(DATASET RECORDS):
──────────────────────────────

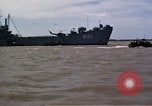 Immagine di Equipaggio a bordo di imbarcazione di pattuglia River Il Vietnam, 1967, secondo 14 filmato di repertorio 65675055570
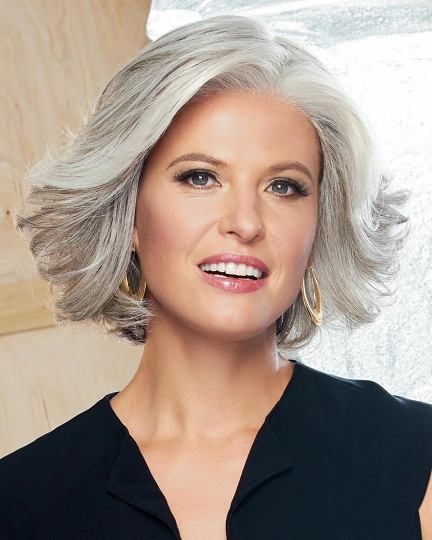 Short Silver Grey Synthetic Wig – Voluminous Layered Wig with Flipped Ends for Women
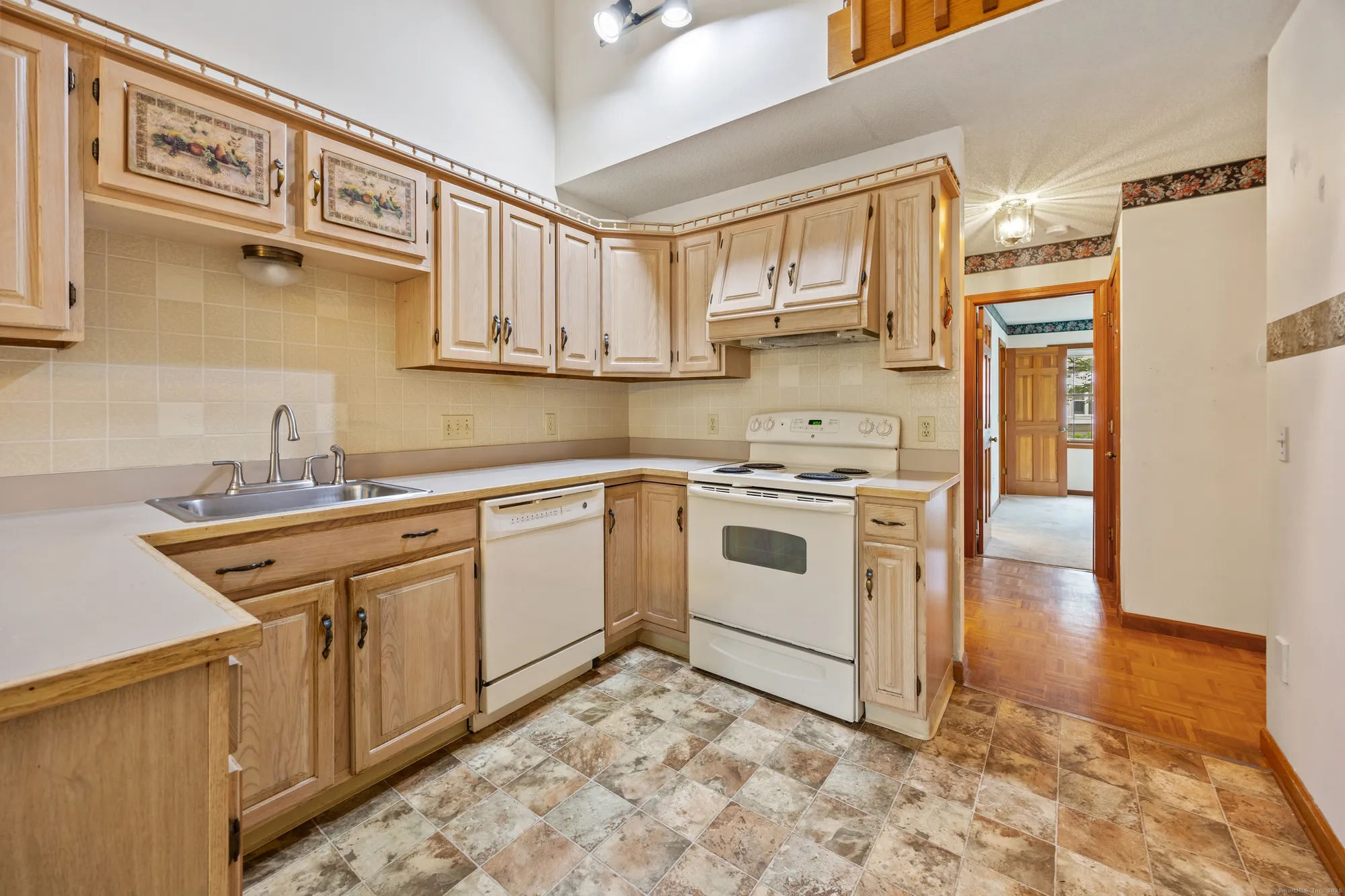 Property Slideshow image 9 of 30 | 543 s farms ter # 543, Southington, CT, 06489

──────────────────────────────

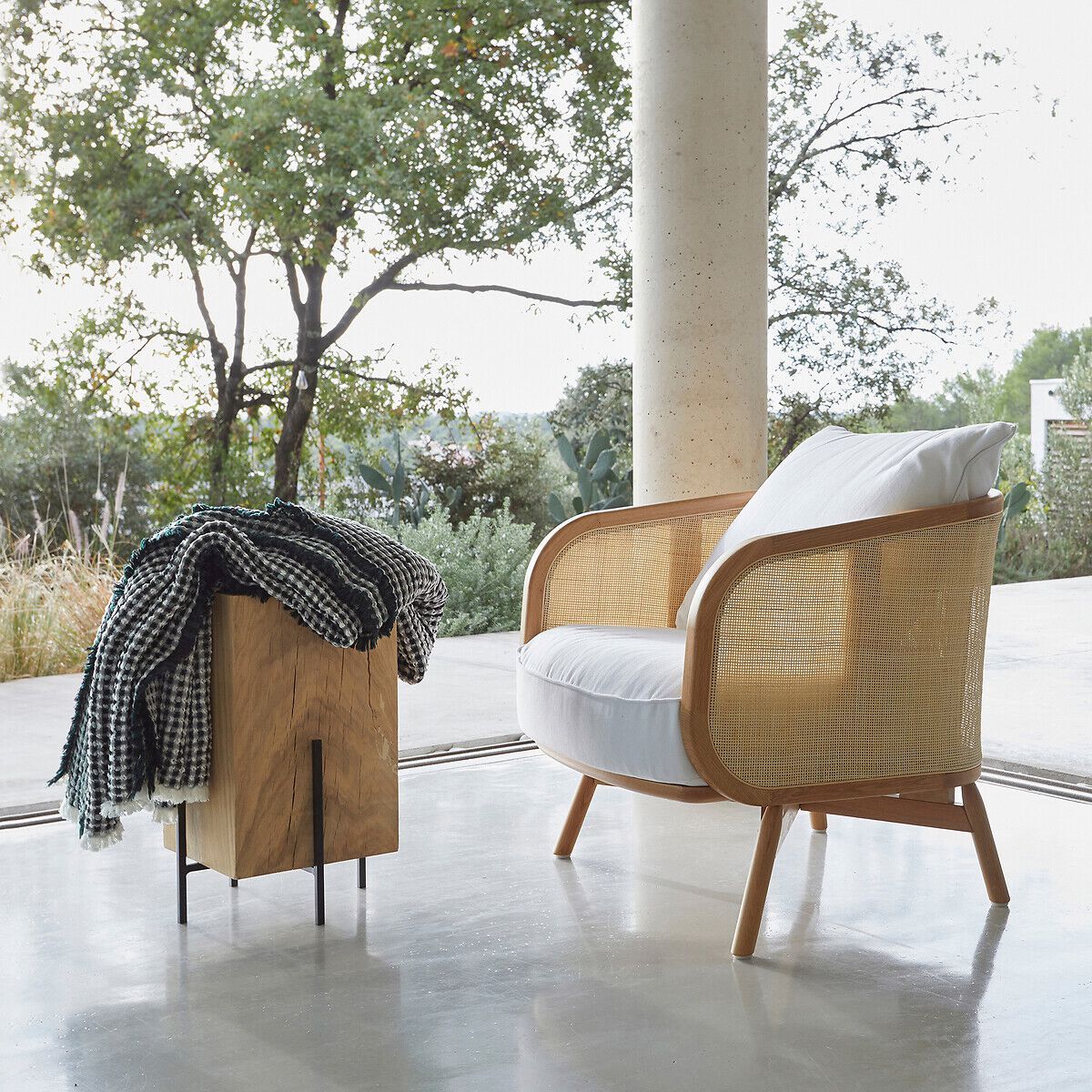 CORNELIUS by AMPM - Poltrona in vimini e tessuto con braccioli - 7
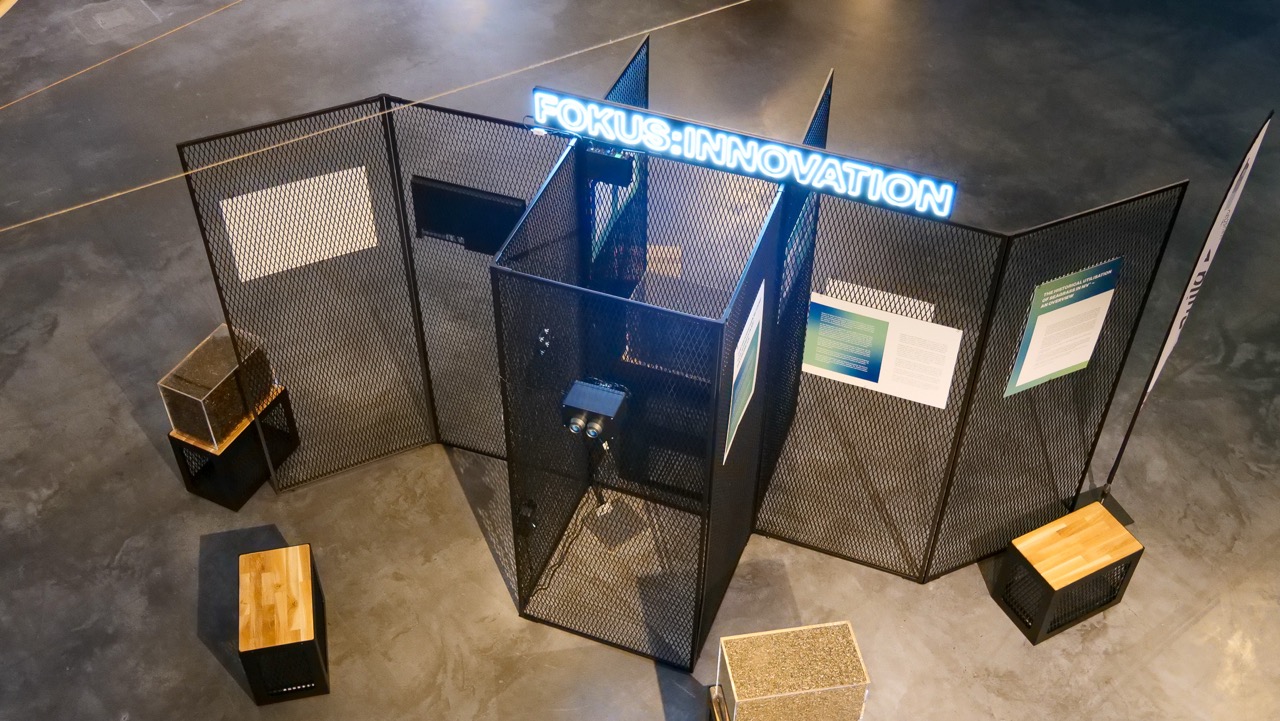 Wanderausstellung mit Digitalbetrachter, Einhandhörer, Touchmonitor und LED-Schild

──────────────────────────────

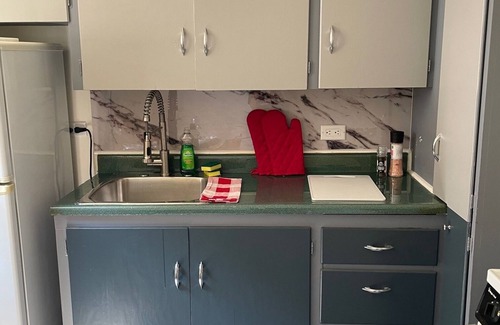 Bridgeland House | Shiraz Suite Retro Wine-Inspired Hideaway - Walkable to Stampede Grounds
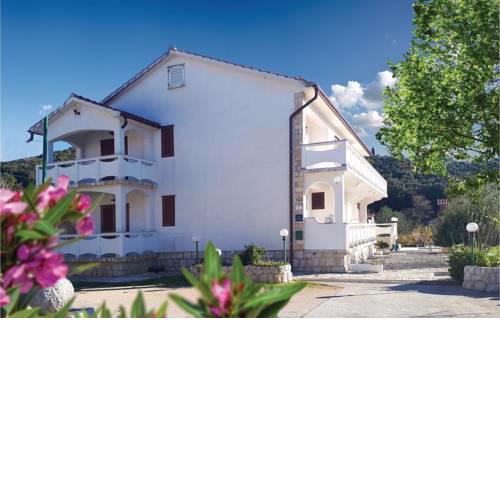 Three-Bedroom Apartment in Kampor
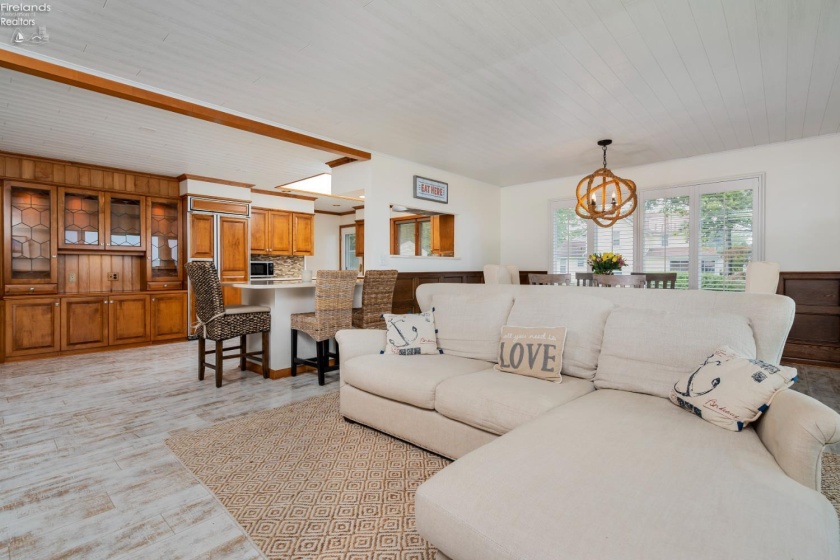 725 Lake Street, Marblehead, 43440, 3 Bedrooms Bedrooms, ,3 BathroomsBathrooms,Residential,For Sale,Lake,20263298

──────────────────────────────

(WHAT YOU ARE ASKED TO DO): Nothing but the lines from the one containing "Immagine di Equipaggio" through the one containing "Property Slideshow image" should appear, copied exactly from the material above and without pictures.

(YOUR SOLUTION):
 Immagine di Equipaggio a bordo di imbarcazione di pattuglia River Il Vietnam, 1967, secondo 14 filmato di repertorio 65675055570
 Short Silver Grey Synthetic Wig – Voluminous Layered Wig with Flipped Ends for Women
 Property Slideshow image 9 of 30 | 543 s farms ter # 543, Southington, CT, 06489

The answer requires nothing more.